====== ENTRIES SUPPLIED ======
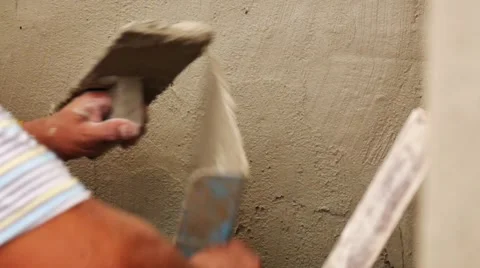 Asian worker plastering concrete wall Stock-Footage 55727225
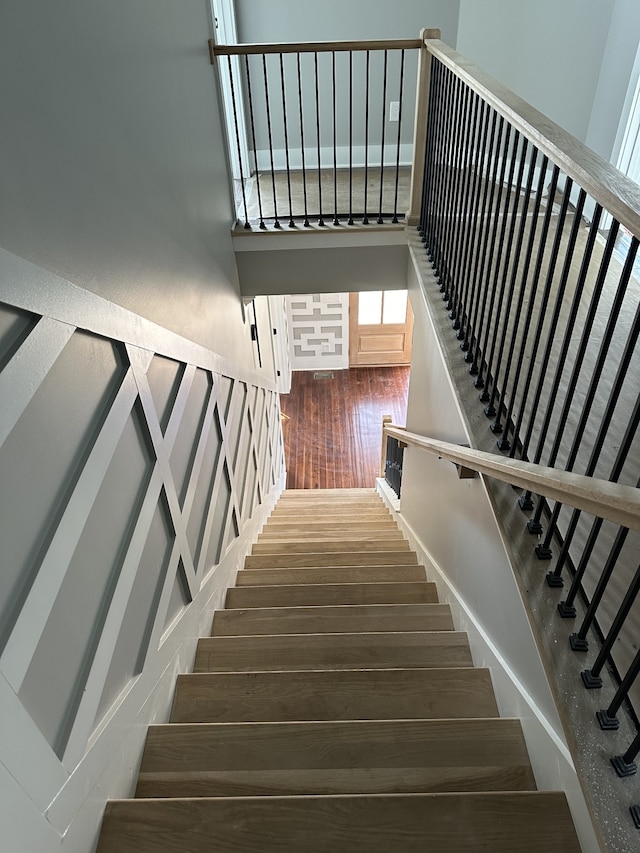 staircase with wood-type flooring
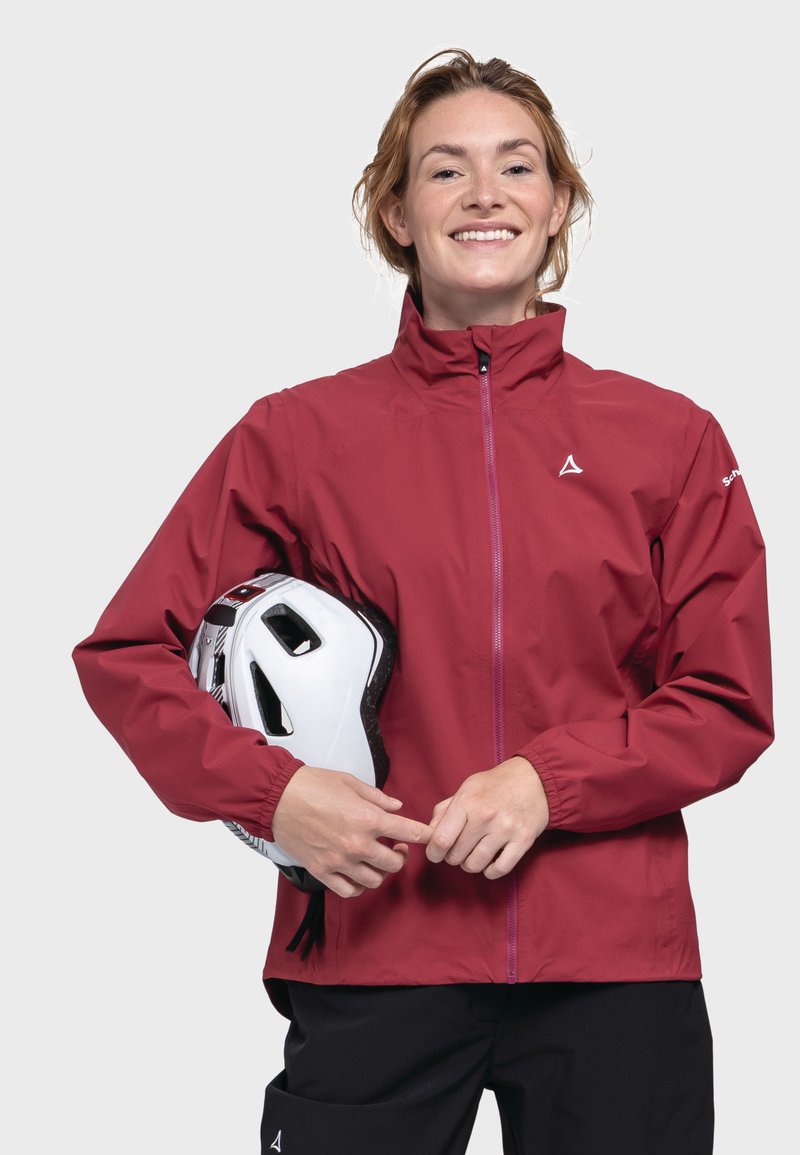 Rote wasserdichte Jacke mit hohem Kragen, Frontreißverschluss und elastischen Bündchen. Das Modell hält einen weißen Helm und zeigt ein schlankes, modernes Design.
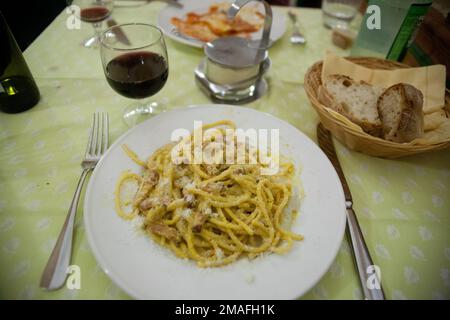 Piatto di spaghetti alla carbonara servito con vino rosso e pane in un tradizionale ristorante italiano. Foto Stock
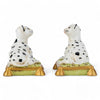 Two ceramic dog figurines with black spots on a white background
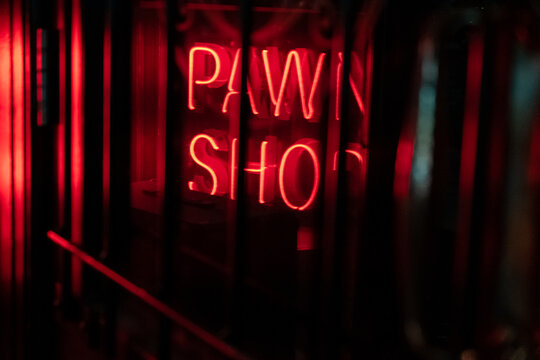 A Neon Sign Saying Pawn Shop Viewed Through The Window Of A Door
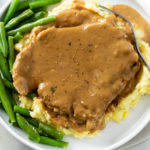 Crock Pot Pork Chops and Gravy on top of Mashed Potatoes with Green Beans.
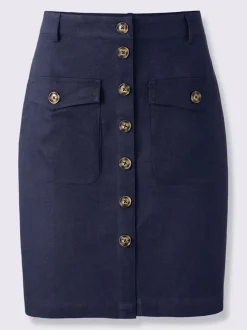 Jupe estivale en lin avec patte de boutonnage et poches.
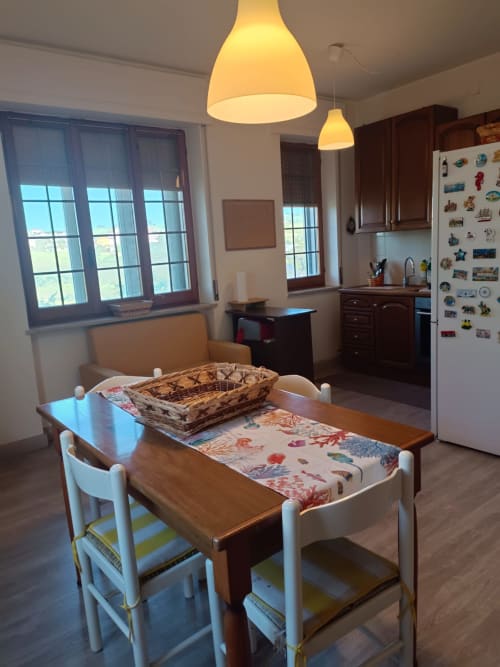Bright dining area in Atessa apartment with wooden table, white chairs, pendant lights, and city view windows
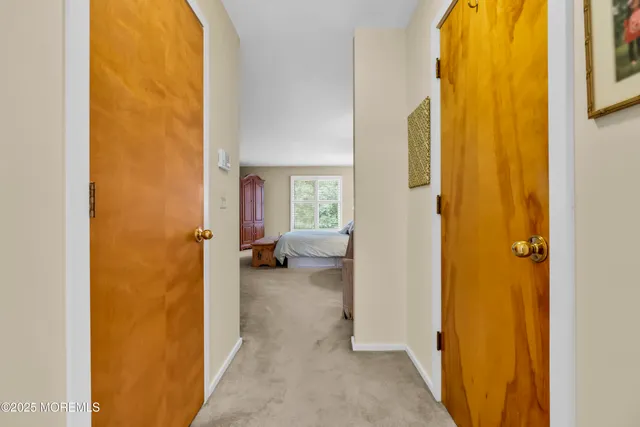 a view of a bedroom from a corridor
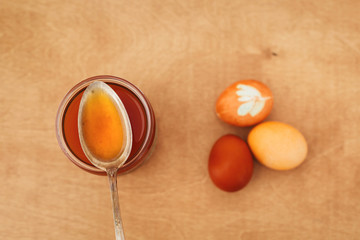 Modern pastel yellow and orange easter eggs painted with onion or turmeric, glass jar with orange color. Zero waste holiday. Organic ingredients. Natural dye easter eggs on wooden table.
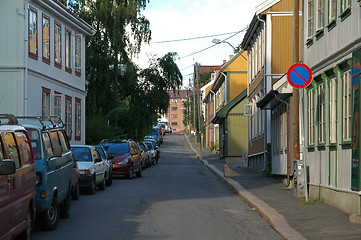 Image showing Street with small houses and cars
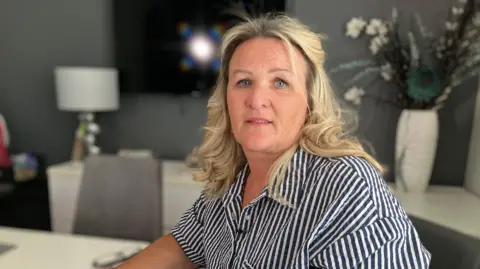 Joanne Hull, wearing a black and white striped blouse. There are flowers in a vase and a table and chairs in the background.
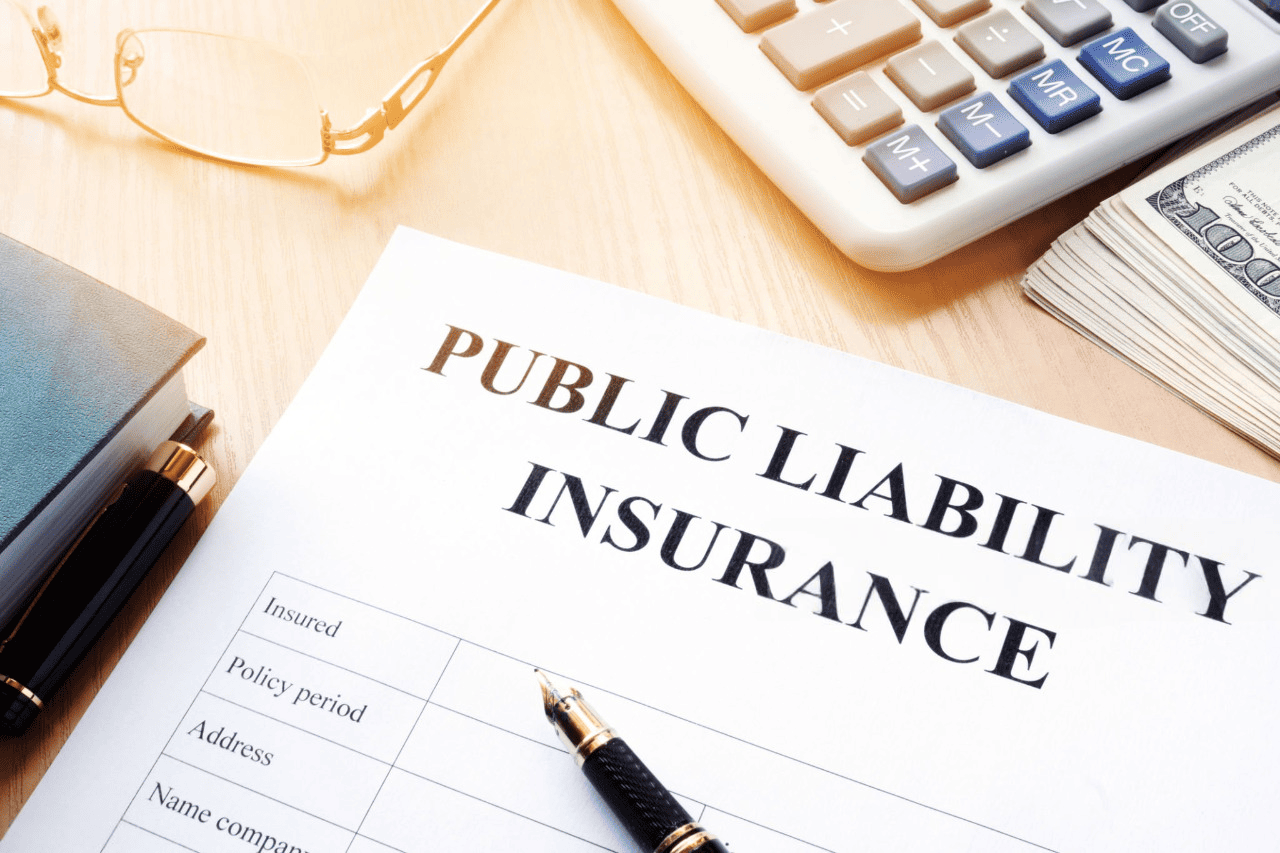Paperwork and tools required for a Public Liability Claim, including an insurance form, pen, calculator, and reading glasses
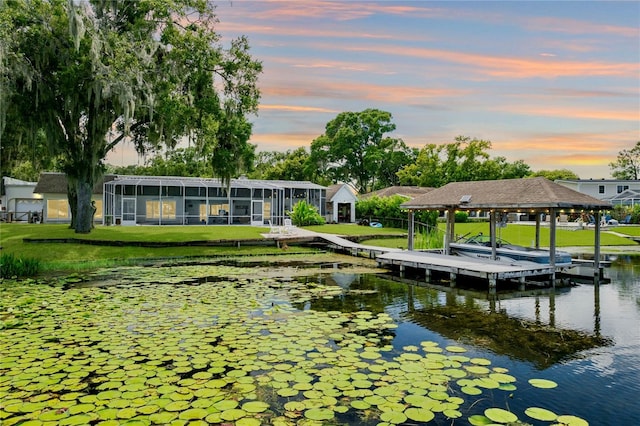 dock area with a lawn and a water view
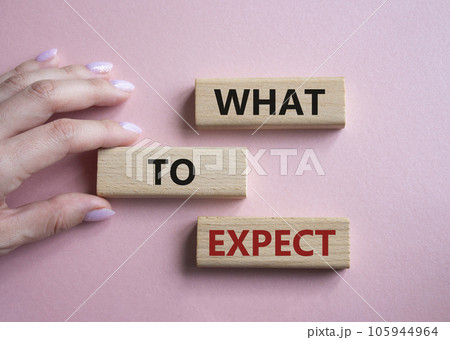 What to Expect symbol. Concept words What to Expect on wooden blocks. Businessman hand. Beautiful pink background. Business and What to Expect concept. Copy space. 105944964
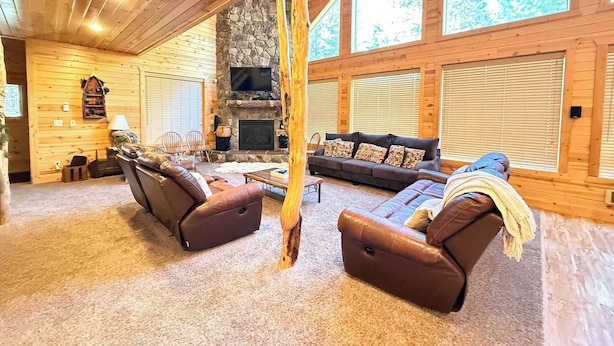 A log cabin interior with a stone fireplace, wooden walls, and large windows. - 22 MI to YNP | Firepit & Patio | Spacious Lodge (Island Park)
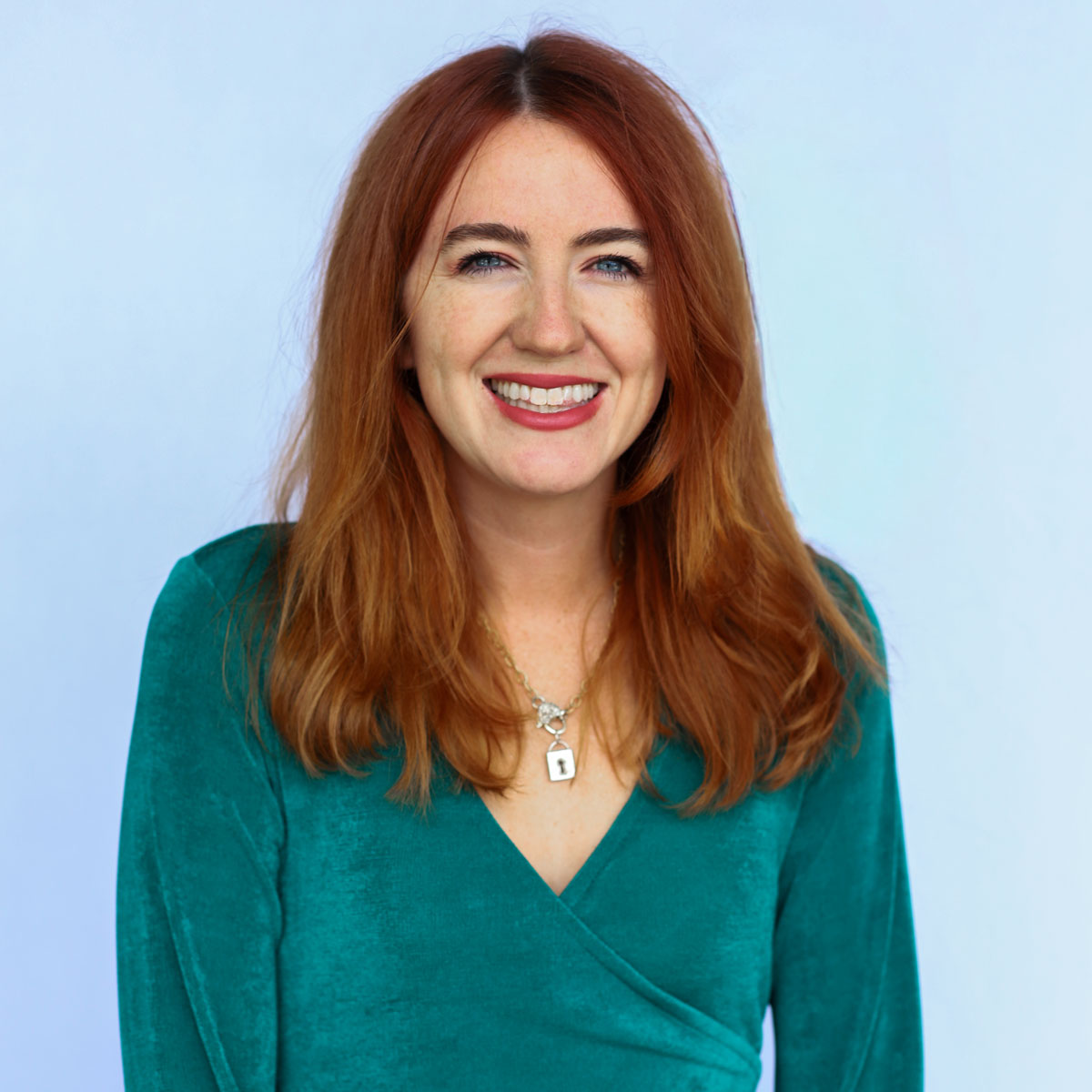 Madeline Funk, a Women's Apparel Buyer, with long red hair wearing a teal wrap dress and a necklace, smiling in front of a light blue background.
======
§ EXERCISE INSTRUCTIONS
Only the text of the records above, copied exactly, should be returned; the pictures stay out.

§ SOLUTION FOR THIS PROBLEM
 Asian worker plastering concrete wall Stock-Footage 55727225
 staircase with wood-type flooring
 Rote wasserdichte Jacke mit hohem Kragen, Frontreißverschluss und elastischen Bündchen. Das Modell hält einen weißen Helm und zeigt ein schlankes, modernes Design.
 Piatto di spaghetti alla carbonara servito con vino rosso e pane in un tradizionale ristorante italiano. Foto Stock
 Two ceramic dog figurines with black spots on a white background
 A Neon Sign Saying Pawn Shop Viewed Through The Window Of A Door
 Crock Pot Pork Chops and Gravy on top of Mashed Potatoes with Green Beans.
 Jupe estivale en lin avec patte de boutonnage et poches.
Bright dining area in Atessa apartment with wooden table, white chairs, pendant lights, and city view windows
 a view of a bedroom from a corridor
 Modern pastel yellow and orange easter eggs painted with onion or turmeric, glass jar with orange color. Zero waste holiday. Organic ingredients. Natural dye easter eggs on wooden table.
 Image showing Street with small houses and cars
 Joanne Hull, wearing a black and white striped blouse. There are flowers in a vase and a table and chairs in the background.
Paperwork and tools required for a Public Liability Claim, including an insurance form, pen, calculator, and reading glasses
 dock area with a lawn and a water view
 What to Expect symbol. Concept words What to Expect on wooden blocks. Businessman hand. Beautiful pink background. Business and What to Expect concept. Copy space. 105944964
 A log cabin interior with a stone fireplace, wooden walls, and large windows. - 22 MI to YNP | Firepit & Patio | Spacious Lodge (Island Park)
 Madeline Funk, a Women's Apparel Buyer, with long red hair wearing a teal wrap dress and a necklace, smiling in front of a light blue background.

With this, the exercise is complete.